A outra parte da combinação infalível é chover no molhado. Acho que por pouco, mas pouco mesmo, diria que as sequências em “Fallout” eram mais excitantes e melhor dispostas. Aqui há uma quantidade maior delas, por conta dos quarenta minutos de duração a mais, e não necessariamente uma ambição comparável. Ao menos em “Dead Reckoning Part One”, sinto que tentou-se manter os pés no chão nas sequências de ação, talvez para não queimar pauta e deixar o extraordinário para a segunda parte. Mesmo assim, o que se vê aqui não decepciona e até há o que eu prefiro acreditar que seja uma homenagem a “GoldenEye“. Não porque todo filme faz sempre referência a algum outro, mas porque as cenas são praticamente iguais e talvez até melhor aqui do na já competente original.

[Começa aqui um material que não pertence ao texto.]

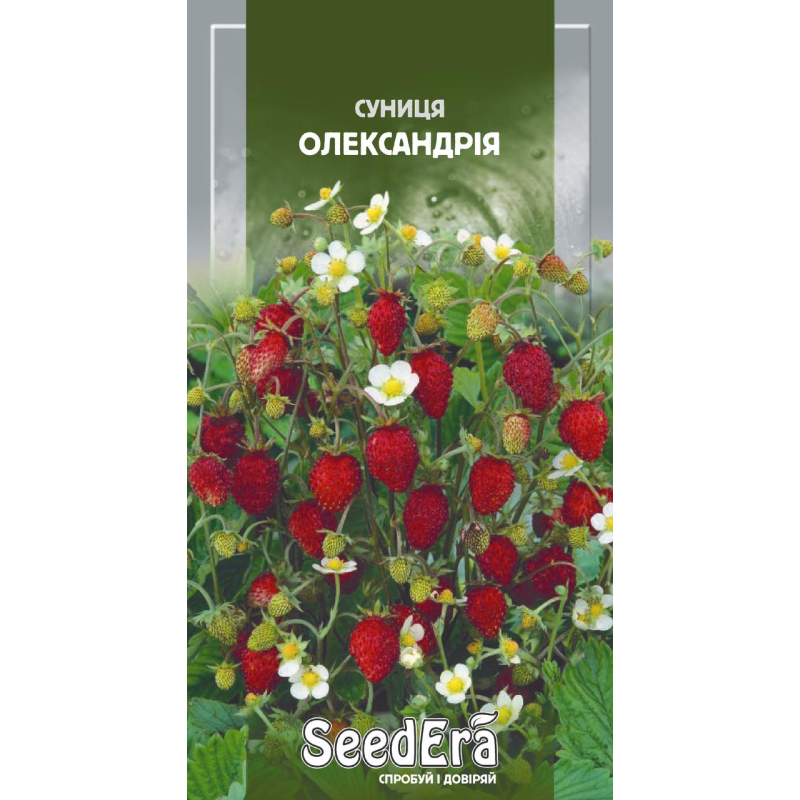 Насіння ремонтантне суниця Александрія, 0,05 г, Seedera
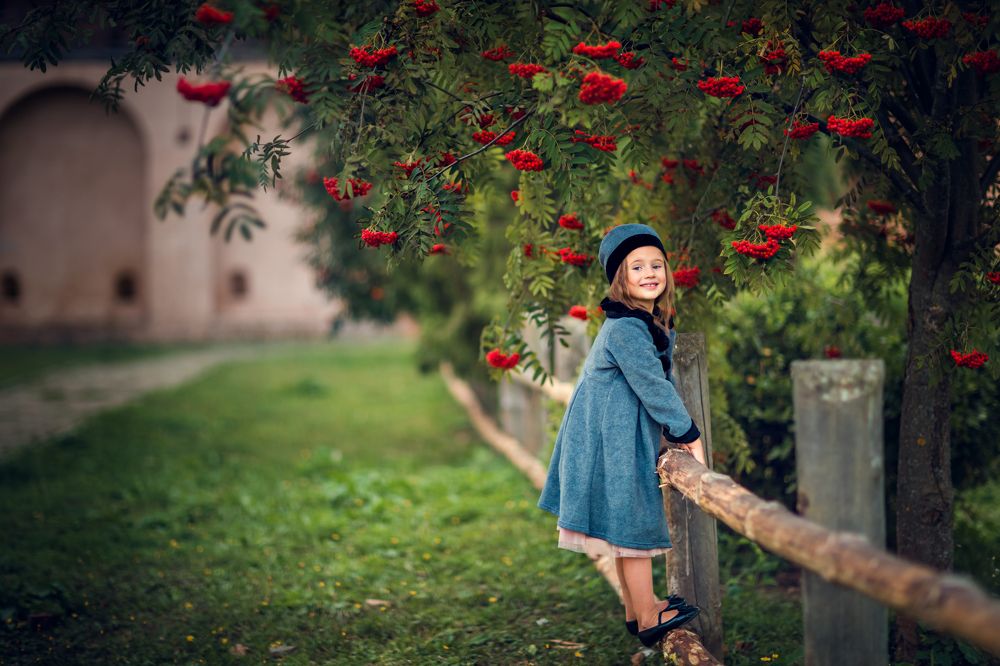 Рябина красная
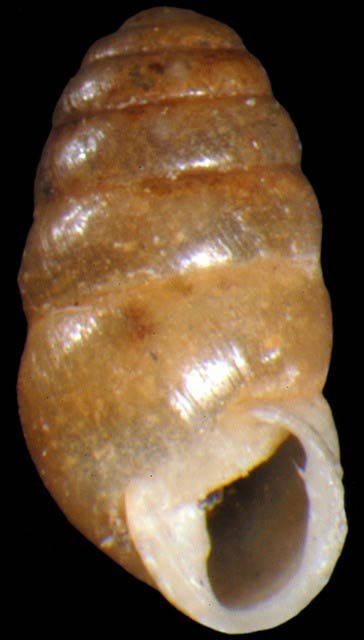             Lauria cylindracea  .  (Photo: © G. Rosenberg, Academy of   Natural Sciences)   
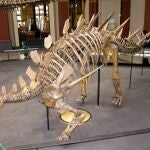 Estegosaurio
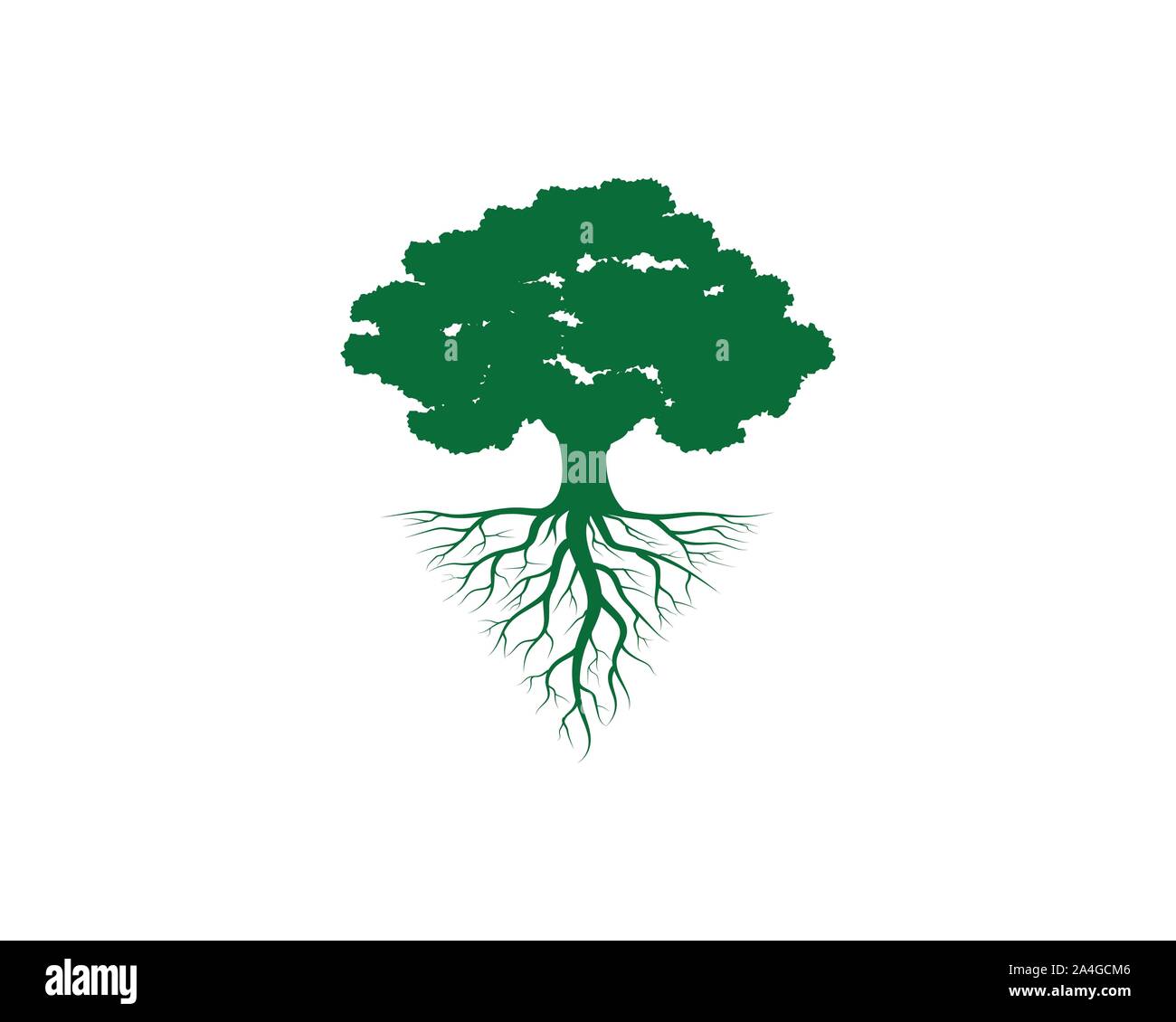 Oak Tree Leaf Logo template Vector Illustration Design Stock Vektor Oak Tree Leaf Logo template Vector Illustration Design Stock Vektor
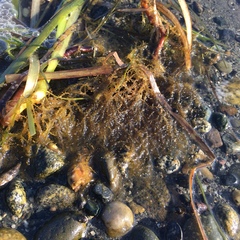 Sargassum muticum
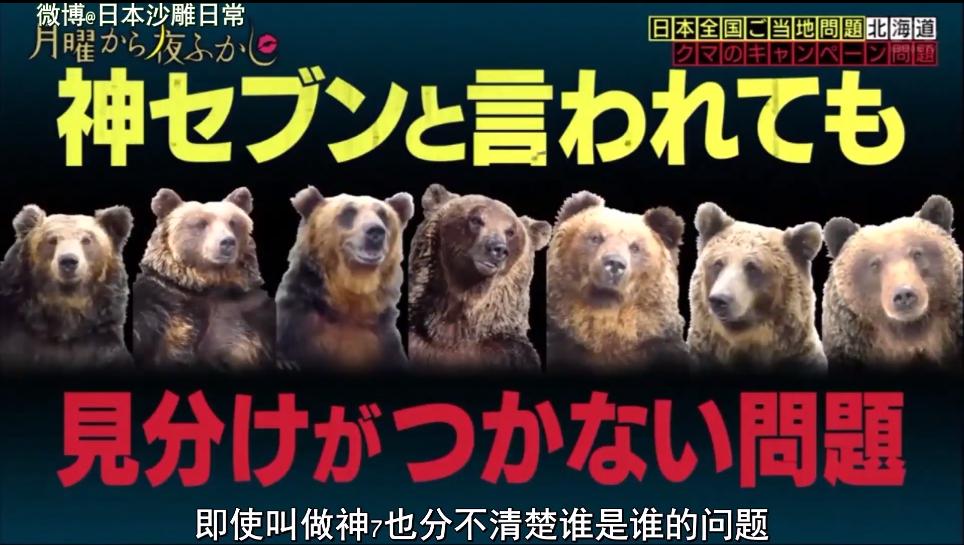 星期一不止有“比村乳业”，还有神经质的日本版《1818黄金眼》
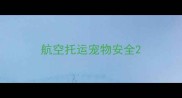 航空托运宠物安全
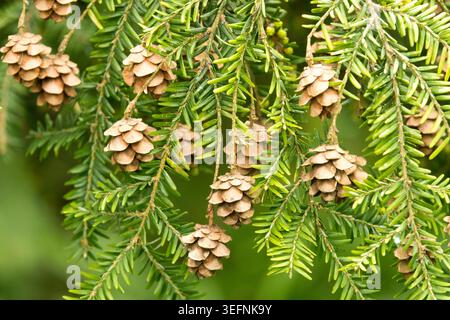 Petits cônes bruns et aiguilles vertes sur les branches de la pruche orientale Tsuga canadensis Banque D'Images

Mas talvez a melhor adição aqui sejam os personagens novos, em especial a personagem de Hayley Atwell, que por um momento até parece ser uma coadjuvante de função pontual e que logo morreria ou sumiria, mas logo se mantém presente como uma pedra do sapato que se recusa a sair. E isso não é ruim! Seu carisma inicial nunca se perde e a aura que passa a orbitar a personagem transmite um sentimento de curiosidade numa dinâmica de sentir raiva de gostar da personagem, uma brincadeira de gato e rato que cria um problema novo para todos os envolvidos quanto mais tempo ela fica em cena. Poderia ser irritante se não fosse tão bom para a progressão da obra. “Dead Reckoning Part One” mal faz sentir as quase 3 horas de duração.
Depois de assistir a uma sessão de “Spider-Man: Across the Spiderverse” e me frustrar um pouco com o fato do filme acabar na metade, mas não tanto a ponto de sentir que a narrativa sofre muito com isso e acaba por fazer a obra parecer incompleta, posso dizer que “Dead Reckoning Part One” me dá uma impressão parecida. Não vou ser dramático e dizer que voltou a moda de dividir tudo em duas partes sem motivo, como aconteceu para efeito bem negativo em alguns casos. Assim como “Avengers: Infinity War e “Avengers: Endgame” ou “Dune“, a divisão é bem pensada e parece haver algum tipo de arco narrativo que começa e se desenvolve até chegar em algum tipo de conclusão, nem que seja uma meia conclusão com uma cara de que vem mais por aí. Por si, essa já é uma experiência muito melhor que a grande maioria do que está no circuito comercial. Com tantas possibilidades das coisas darem erradas em um sétimo filme, é quase surreal que essa série — e Tom Cruise — ainda tenham tanto fôlego.